Modularizing the beacon node backend
I've sucesfully modularized the beacon node backend. It should now be relatively simple to switch between different database implementations.
PR: https://github.com/sigp/lighthouse/pull/4718
Theres an existing KeyValueStore trait that already does some abstraction, however the Lighthouse codebases assumes the KV store is always LevelDB.
I created a BeaconNodeBackend type that implements the KeyValueStore and ItemStore traits. I then replaced all references of LevelDb to the new BeaconNodeBackend type. Within the BeaconNodeBackend type I used the cfg macro which should allow us to switch between different database implementations via config changes.

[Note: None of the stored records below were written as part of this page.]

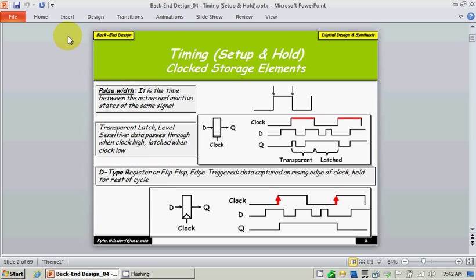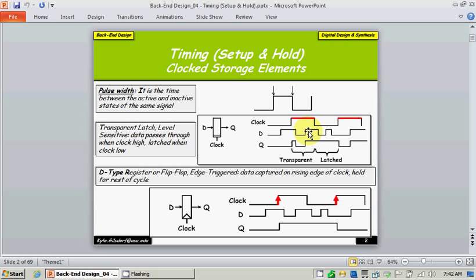I'm going to start out talking about some basic terminology. For example, when we talk about timing, we're concerned about pulse width — how long is the signal active. To look at an example of pulse width, we have something called a transparent latch that's level sensitive. A transparent latch basically reflects the input on the output pin while its level is active, and latches it when the transition from its active level to the inactive level occurs.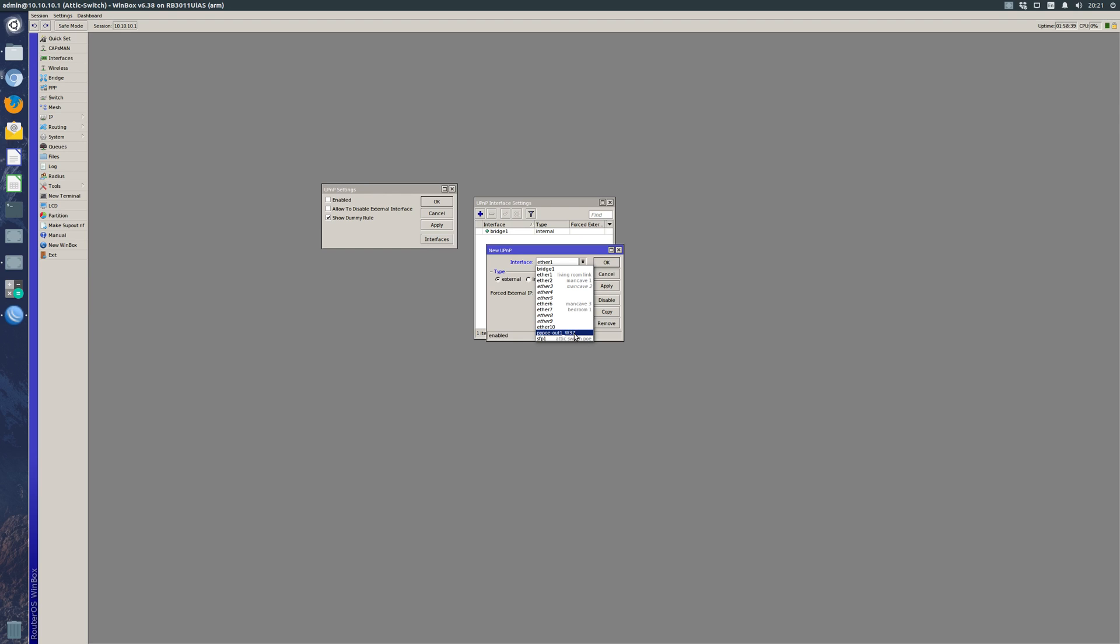For me, I use a PPPoE client which actually sits on port number 10, however it is the PPP client which we want to use. So I'm going to click on that because that's where my public IP address sits on.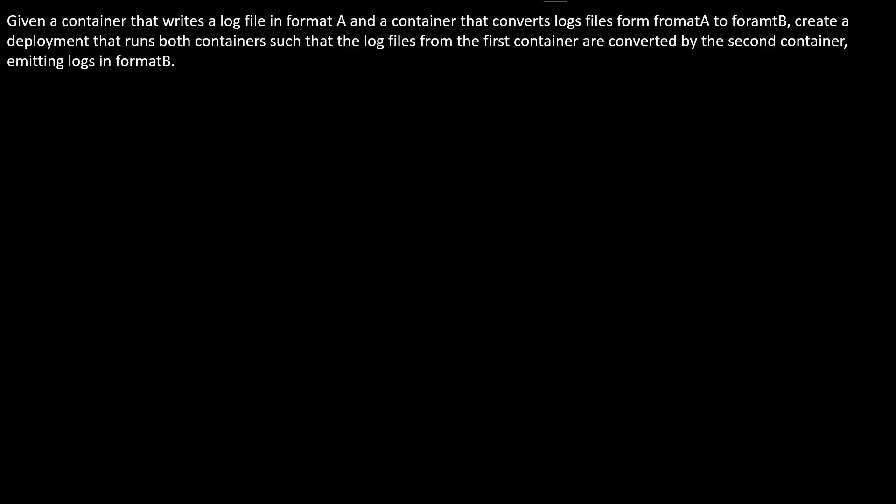Let's deep dive into this topic. Given a container that writes a log file in format A and a container that converts log files from format A to B, create a deployment that runs both containers such that log files from the first container are converted by the second container, emitting logs in format B.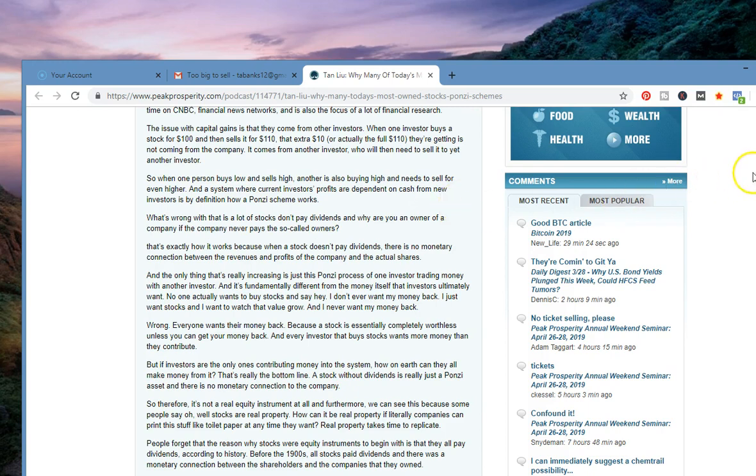No doubt. And I never really thought about it that way. I participate in the stock market. If you participate in anything with 401ks, you never really thought about it. You think it's really coming from the underlying company, but it's really not. What's wrong with that is a lot of stocks don't pay dividends, and why are you an owner of a company if the company never pays the so-called owners?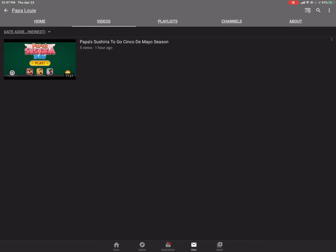Papa's Sushiria To Go, he's doing a playthrough on that as well, currently on the same rank with DeMaio. Yeah, he's just like me. He's doing Papa Louie Sushiria To Go gameplays.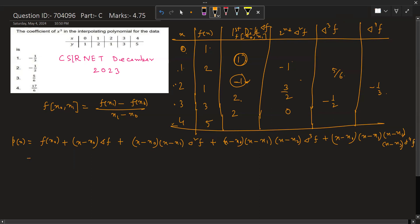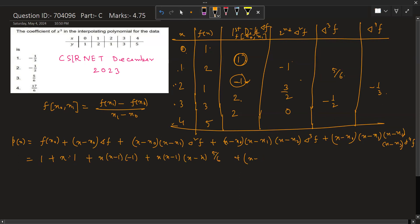Substituting our values — since x₀ = 0, we get: f(x₀) = 1; x·Δf where Δf = 1; x(x−1)·Δ²f where Δ²f = −1; x(x−1)(x−2)·(5/6) for the Δ³f term; and x(x−1)(x−2)(x−3)·(−1/3) for the Δ⁴f term.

Benchmarking Slasher backend implementations
We're going to start benchmarking the slasher backend implementations to see if they are competitive.
From Michael Sproul
Now that we have a couple of new backends in the works, namely Redb and Sqlite, it would be great to see a performance shoot-out. For the slasher the key metric is the time taken to process each batch, which is recorded in Prometheus as slasher_process_batch_time. We have a Grafana dashboard for this here: https://github.com/sigp/lighthouse-metrics/blob/master/dashboards/Slasher.json
A good test would be to start-up a slasher on the same machine with each of the backends – LMDB, Redb, Sqlite – and compare the performance. To prevent them competing for CPU and I/O it's probably best to run the slashers one at a time (not concurrently). Running each one for a few hours should be enough to get a feel for its performance. If one or both of the new backends are competitive in this test we can then look into running a longer test (2 weeks+) in which we can measure the total disk usage and the long-term performance.
I have a shared execution node on mainnet (running eleel) which I could grant access to for this experiment. If this is something you're interested in doing @eserilev, DM me your SSH pubkey on Discord.
I'm really excited to see what results we get from these benchmarks!!